– Ты плохо кончишь, тварь, – тихо сказал Старый. – Ты даже не умрешь – ты сдохнешь.
– Ну так мы все сдохнем, – рассудительно сказал Саенко. – Вы, например, значительно раньше, чем я. И сильно вас утешит то, что вы будете умирать с неизмененным челюстно-лицевым аппаратом? Вот эти люди, – он широким жестом обвел пространство возле сарая, где лежали покойные Артемовы односельчане, – им от этого легче?
– Мы умрем людьми. А ты сдохнешь тварью, – отозвался Крысолов.

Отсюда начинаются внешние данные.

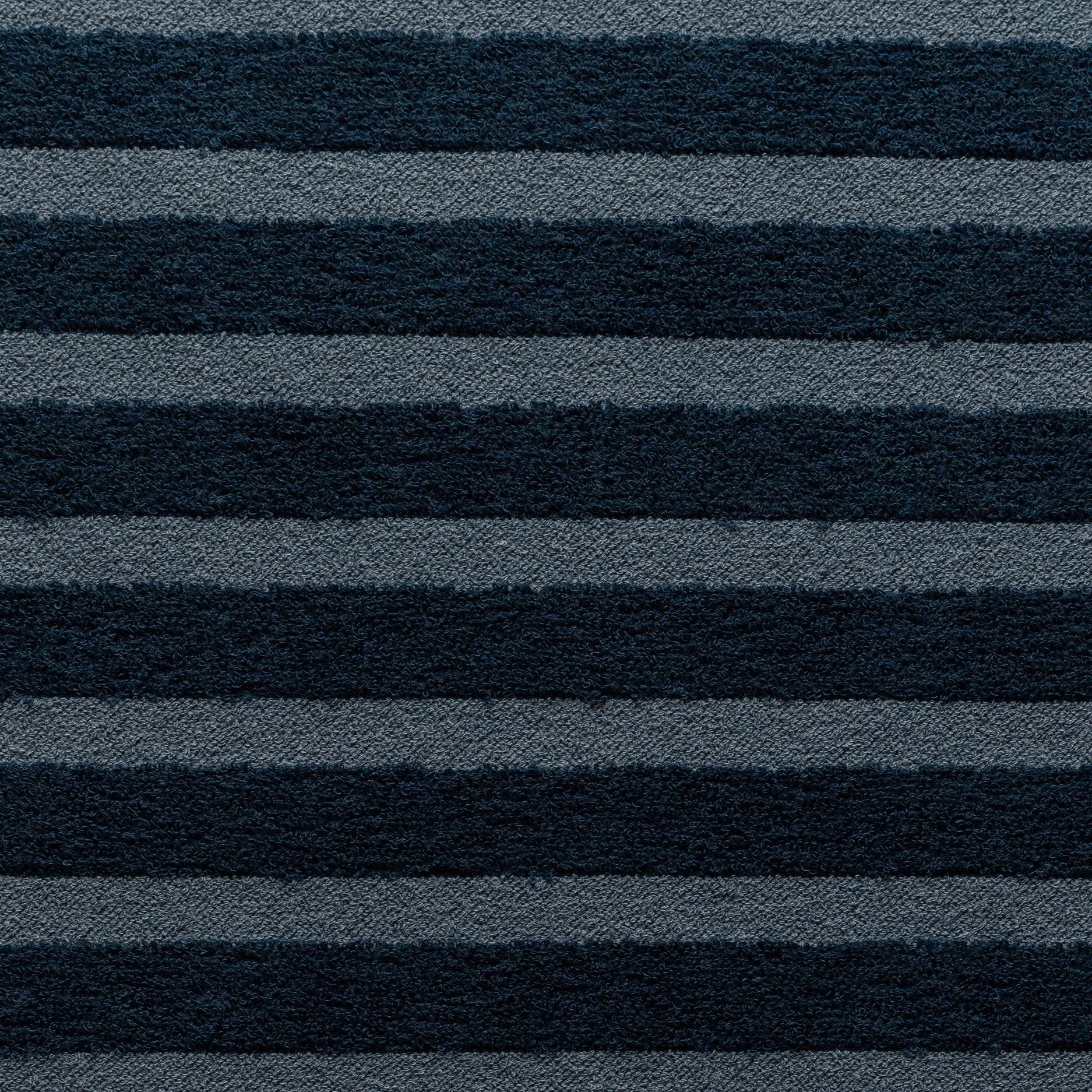 Link Outdoor Lido Stripe Dusk Blue Fabric Sample 560-56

– А, труп подал голос. Кстати, вы знаете, почему вы до сих пор живы? Это ненадолго, правда, но все равно – наслаждайтесь пока. Ты знаешь, Крысолов, ты не первый, кто ломает мою жизнь. Первый раз ее не то что поломали, а разбили. – Саенко показал руками, как разбили его жизнь, – получилось, на мелкие кусочки. – Когда развалили Союз, и нам пришлось уезжать из Туркмении. Я тогда совсем маленький был, а помню, как в товарном вагоне трясся, а на каждом перегоне сцепщикам – даже сцепщикам! – надо было бутылку давать, а то ведь так вагон с горки спустят – ничего не уцелеет. А еще менты, пожарники – каждый свой кусок рвал. И не туркмены ведь, от которых мы уезжали, – свои, к кому ехали, так делали. Потом – когда из-за денег, которых у нас не стало, я не поступил туда, куда хотел. И мне пришлось идти в этот долбаный бизнес. Потом, когда все вроде даже начало налаживаться, мне даже стало это нравиться, случилась Хрень. Но я и тогда не пропал. А потом пришел ты и опять все испортил. Причем во всем. – Он несколько истерично хохотнул.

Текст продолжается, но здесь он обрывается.